Yep, if Andrew had a type, it was high-maintenance Miss Fashion Plate right here in front of him. Lucky for him, he knew that if he scratched off her shiny, polished surface, he’d probably find her core to be all, “What’s in it for me?”

One of these days, he was going to figure out that he needed to settle for a good, sensible woman who was comfortable in a pair of jeans, who knew how to stretch a dollar and wasn’t all about appearances. Until then? He should steer clear of Mallory’s shiny-as-a-new-penny good looks.

Especially if she was considering a lawsuit.

Hearing Maegan talking to Katelyn, Mallory seemed torn. Well, gosh, that went right along with what Andrew had deduced already—Mallory still seemed to focus on him as the cause of Katelyn’s woes, was still more interested in placing blame than moving forward. After all, here she was, letting her sister’s cup of coffee chill on the countertop rather than getting it to her while it was still warm.

Mallory must have read his thoughts, because she snatched up the coffee, turned on those spindly heels and marched into the den. He heard her as she joined the conversation, noted with some surprise that she seemed to be knowledgeable about the realistic limitations of what Katelyn could accomplish here.

An image of those melted bunny slippers came rushing back to Andrew. Had he left her to die? If he’d called it in when he first heard Katelyn above him—

No. He’d done his job; he’d followed protocol. At some point, you had to cut your losses, evaluate what you had left and make a plan to move forward. He was done blaming himself for that day.

That didn’t mean he couldn’t be sure Katelyn got the best therapy possible—and Maegan, pesky Irish twin sister or not, was exactly that. He’d seen miracles happen here—kids walking when their doctors had given up on them, an autistic boy speaking after five years of nothing but grunts and shrieks.

The wheels of Katelyn’s wheelchair squeaked against the hardwood floor as Maegan moved the operation to a treatment room for her evaluation. She’d warned Andrew that assessment would tell the tale, whether there was any possibility for Katelyn to improve. The kid deserved a break, and Maegan could help her. He knew it.

Even if Mallory Blair didn’t seem to know the treasure she had. She must have taken one look at Happy Acres and found it missing the sleek professionalism of a bigger, ritzier operation. A city slicker like her?

She must think we’re all stupid hicks.

What lawsuit? What plan was bubbling away in that avaricious mind of Mallory Blair’s? Because he knew her type: money, money, money. Had to have money to pay for that car and those clothes and that haircut. Oh, and those shoes—yep. He hadn’t grown up with all the sisters he had not to be able to tell those heels, with their fancy design right on the stilettos, were pricey. From the tip of her coppery hair to those teetering printed heels, Mallory Blair screamed high-dollar woman.

He considered who here in Waverly might know about any lawsuit the Blairs could have filed.

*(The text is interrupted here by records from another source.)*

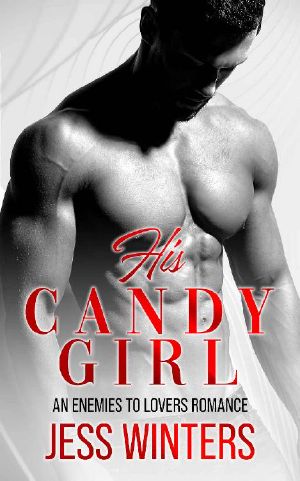 His Candy Girl · an Enemies to Lovers Romance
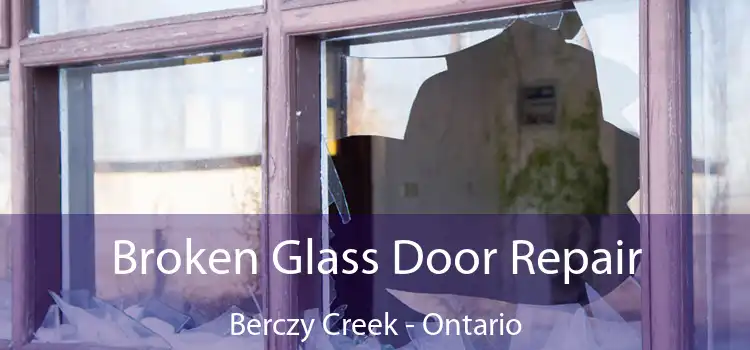 Broken Glass Door Repair Berczy Creek - Ontario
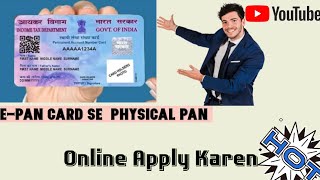 EPan Card Se Physical Pan Card kaise Apply Karen Online 2024 Full Process [upl. by Ynnal]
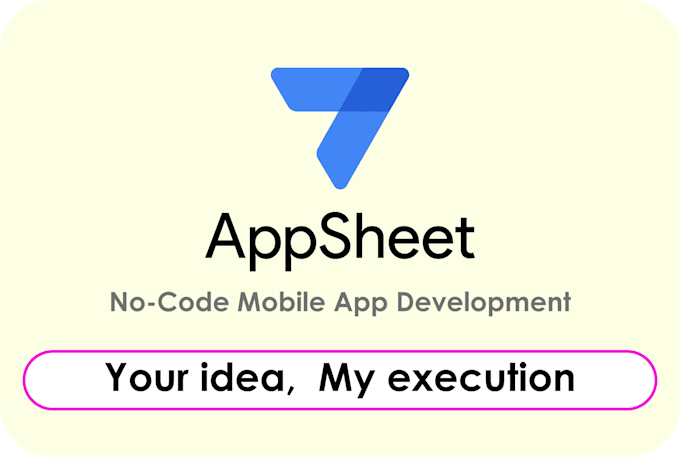create appsheet application, automate your business with appsheet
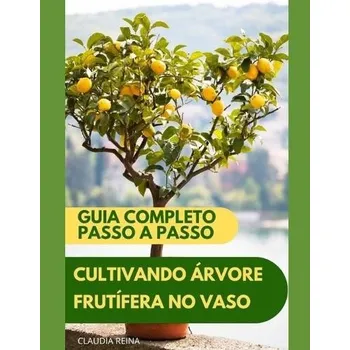 Cizojazyčná kniha Cultivando Arvore Frutifera Em Vaso - Reina, Claudia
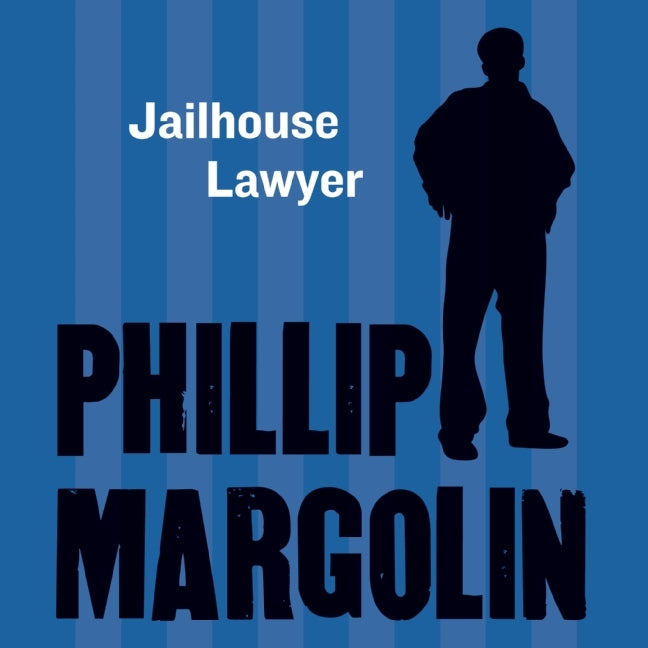 The Jailhouse Lawyer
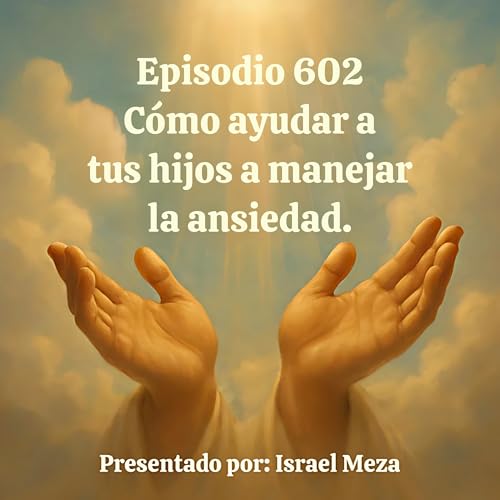 C&oacute;mo ayudar a tus hijos a manejar la ansiedad.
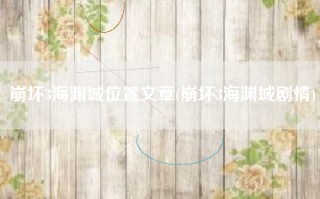 崩坏3海渊城位置文章(崩坏3海渊城剧情)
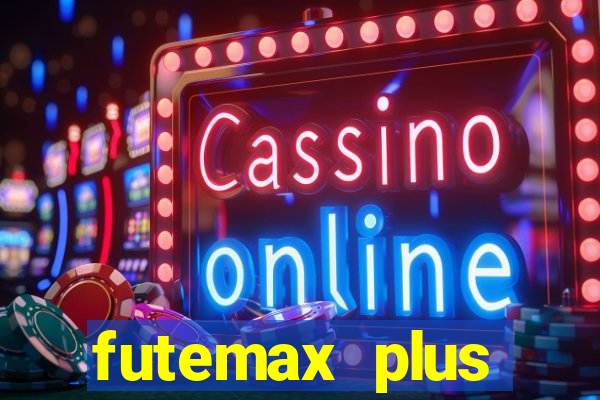 futemax plus futebol ao vivo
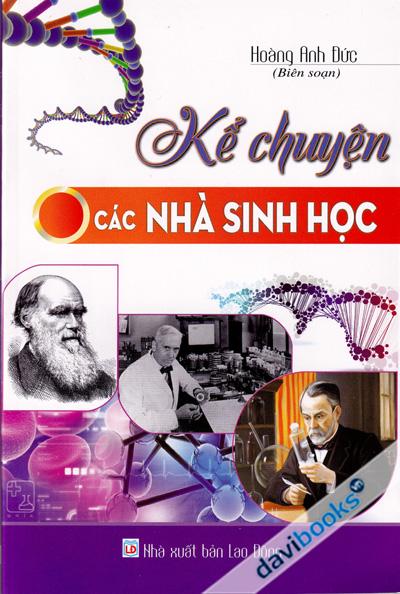 Kể Chuyện Các Nhà Sinh Học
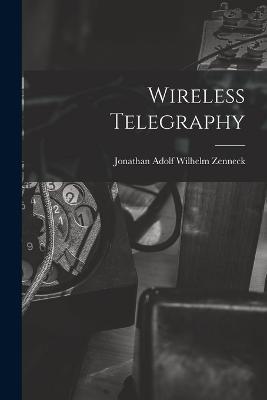 Wireless Telegraphy - Jonathan Adolf Wilhelm Zenneck - cover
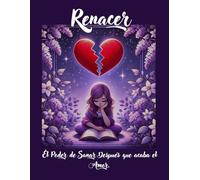 Renacer: El Poder de Sanar Después que acaba el Amor.Hecho con empatía para ayudarte a sanar y empoderarte después de la ruptura.: Un libro de ... de nuevo y volver a creer en sí mismas.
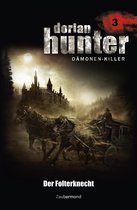Dorian Hunter 3 - Dorian Hunter 3 - Der Folterknecht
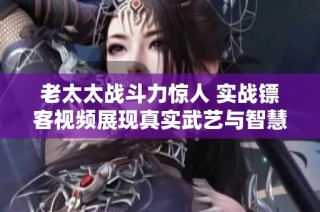 老太太戰斗力驚人 實戰鏢客視頻展現真實武藝與智慧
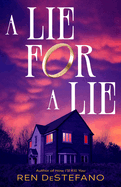 Lie for a Lie. Ren DeStefano.
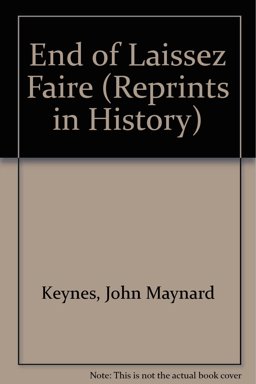 The End of Laissez-Faire The End of Laissez-Faire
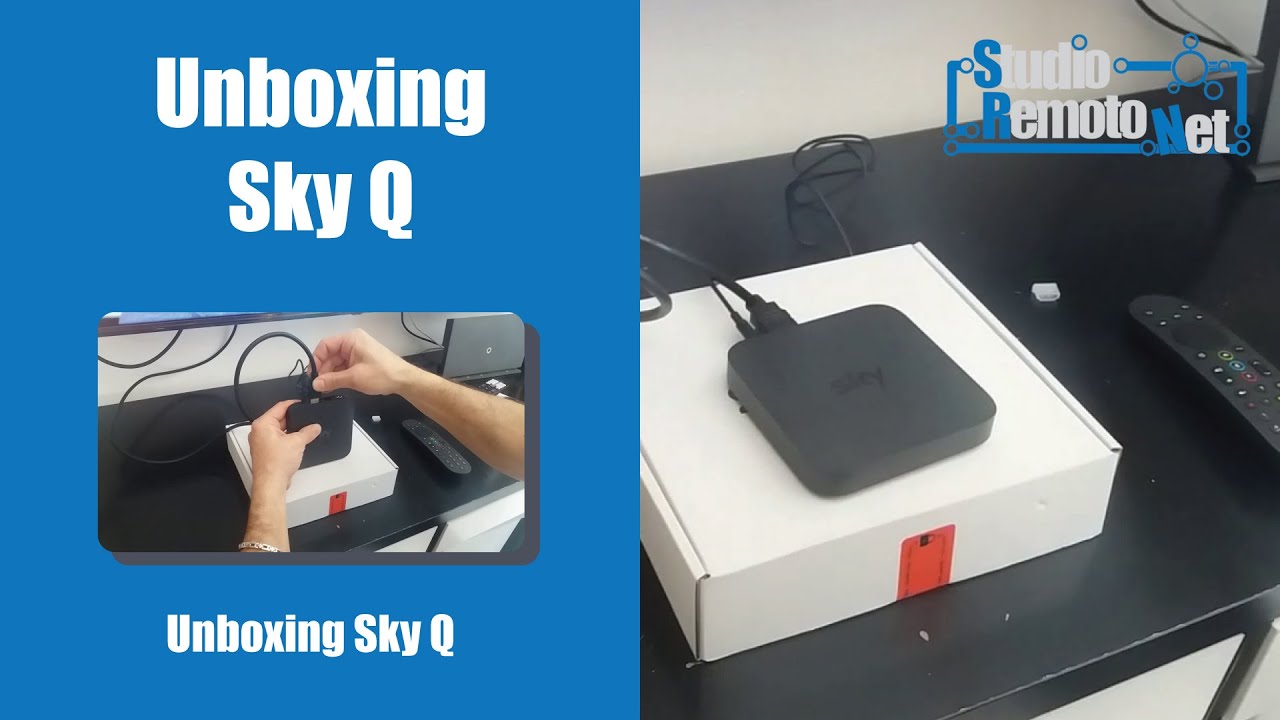 Unboxing Sky Q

Dutch would certainly know—“Dutch” Van der Gooten, the Levi County in-house counsel. Andrew spied a grocery/errand list on the fridge and made his decision: the horses were fed, the stables mucked out, Maegan didn’t have another patient coming in until after lunch.

He snatched the list off the fridge, shot off a text to Maegan to let her know he was going into town and forwarded the rehab phones to his cell phone. Grabbing a jacket off the hook by the door, Andrew headed for his truck.